I loved Velvet Assassin because it played like stealth games of my past like Splinter Cell and Thief 3. Reviewers seemed mad at it for not changing into an action game like Splinter Cell did.
Playing the Gothic games and others like them probably prepared me for Risen, which a lot of reviewers compared to Oblivion instead.
Duke Nukem Forever was derided for playing like an FPS from 2002 rather than 2012, but I played a lot of FPS games in 2002 and loved them, so I liked DNF more than most.

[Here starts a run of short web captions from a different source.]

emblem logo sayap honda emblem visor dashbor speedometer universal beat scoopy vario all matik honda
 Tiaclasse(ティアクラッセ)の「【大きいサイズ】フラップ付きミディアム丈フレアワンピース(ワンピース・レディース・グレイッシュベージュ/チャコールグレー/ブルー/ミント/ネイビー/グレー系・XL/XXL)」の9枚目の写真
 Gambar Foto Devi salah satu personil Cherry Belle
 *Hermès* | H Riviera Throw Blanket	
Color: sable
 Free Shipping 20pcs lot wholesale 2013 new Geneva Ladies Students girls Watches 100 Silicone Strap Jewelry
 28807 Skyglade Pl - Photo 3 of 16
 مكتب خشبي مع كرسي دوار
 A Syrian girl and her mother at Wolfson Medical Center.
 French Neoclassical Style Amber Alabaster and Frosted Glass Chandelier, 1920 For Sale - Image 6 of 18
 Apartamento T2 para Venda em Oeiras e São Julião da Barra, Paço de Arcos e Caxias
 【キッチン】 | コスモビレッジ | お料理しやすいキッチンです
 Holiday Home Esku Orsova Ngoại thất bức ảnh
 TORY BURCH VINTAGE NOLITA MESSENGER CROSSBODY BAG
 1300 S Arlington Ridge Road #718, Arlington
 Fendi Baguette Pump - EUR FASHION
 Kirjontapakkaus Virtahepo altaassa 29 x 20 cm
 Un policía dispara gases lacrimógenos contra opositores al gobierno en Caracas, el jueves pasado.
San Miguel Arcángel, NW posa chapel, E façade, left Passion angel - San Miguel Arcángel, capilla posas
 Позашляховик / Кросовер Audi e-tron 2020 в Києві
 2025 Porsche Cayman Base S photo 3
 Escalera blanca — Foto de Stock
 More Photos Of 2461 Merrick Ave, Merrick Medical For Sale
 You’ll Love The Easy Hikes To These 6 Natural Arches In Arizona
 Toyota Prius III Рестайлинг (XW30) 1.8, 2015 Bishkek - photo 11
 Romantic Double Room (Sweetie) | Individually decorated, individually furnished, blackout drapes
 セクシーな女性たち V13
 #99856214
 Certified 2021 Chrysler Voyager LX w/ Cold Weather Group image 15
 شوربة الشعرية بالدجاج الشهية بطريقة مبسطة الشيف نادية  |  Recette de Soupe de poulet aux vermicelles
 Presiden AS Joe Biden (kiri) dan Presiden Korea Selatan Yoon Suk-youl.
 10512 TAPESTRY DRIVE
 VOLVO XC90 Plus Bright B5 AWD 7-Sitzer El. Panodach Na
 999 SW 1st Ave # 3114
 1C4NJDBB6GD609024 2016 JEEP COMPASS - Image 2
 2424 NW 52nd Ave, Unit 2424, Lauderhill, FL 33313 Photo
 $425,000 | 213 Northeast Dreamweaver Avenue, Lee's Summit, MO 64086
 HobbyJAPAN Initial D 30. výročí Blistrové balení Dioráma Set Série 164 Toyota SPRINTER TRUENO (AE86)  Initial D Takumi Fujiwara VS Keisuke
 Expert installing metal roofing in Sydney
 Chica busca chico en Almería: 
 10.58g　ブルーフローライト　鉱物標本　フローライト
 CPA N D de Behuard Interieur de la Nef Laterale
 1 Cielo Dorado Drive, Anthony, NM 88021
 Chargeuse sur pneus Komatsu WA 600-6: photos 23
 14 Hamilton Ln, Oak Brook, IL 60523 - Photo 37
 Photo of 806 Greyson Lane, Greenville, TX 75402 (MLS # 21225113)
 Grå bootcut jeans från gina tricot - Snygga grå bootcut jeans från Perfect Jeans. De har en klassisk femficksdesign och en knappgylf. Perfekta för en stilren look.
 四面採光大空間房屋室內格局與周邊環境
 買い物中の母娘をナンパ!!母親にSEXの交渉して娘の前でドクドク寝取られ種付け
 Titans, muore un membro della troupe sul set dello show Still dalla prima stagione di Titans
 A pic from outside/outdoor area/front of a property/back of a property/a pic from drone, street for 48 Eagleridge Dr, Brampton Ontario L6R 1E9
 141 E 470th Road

The puzzle sections many people thought were boring were like a fucking blessing for me, as I tire of FPS games that are about nothing but reticule placement.
I'm sure there are more.
Since I started playing RPGs with Fallout in 1997 I find myself UNaccepting of a lot of gameplay elements of older RPGs, like say Ultima or Lands of Lore. I ain't drawing no fucking maps, for one thing, and certainly my internet-addled brain has trouble when 10 pages of text pop up to introduce a quest.
We're all products of our experience.
I don't think that I could handle any Ultima's before VII - Those just look way too terrible.
And as much as I want to like Starflight - it's a terrible mess.
And I wish they would finally lay to rest those 8 and 16 bit, top down, RPGs that limited battles to a static screen and a menu with only four basic commands.
But I'm finding quite a bit recently that have been marred by bad reviews but they're taking strikes for game play being too sophisticated when in all reality these titles are dating back to the better console games before everything became all point, click and drag.
Like I think the Legacy of Kain series as well as Devil May Cry 3 really got slapped for popping up as PC ports but those happen to be some of my current favorite games on PC.
I will have to also factor in, however, that I'm playing these games long after they were successfully patched to perfection....much like the case with Enclave which was nowhere near as polished as the copy that GOG now offers.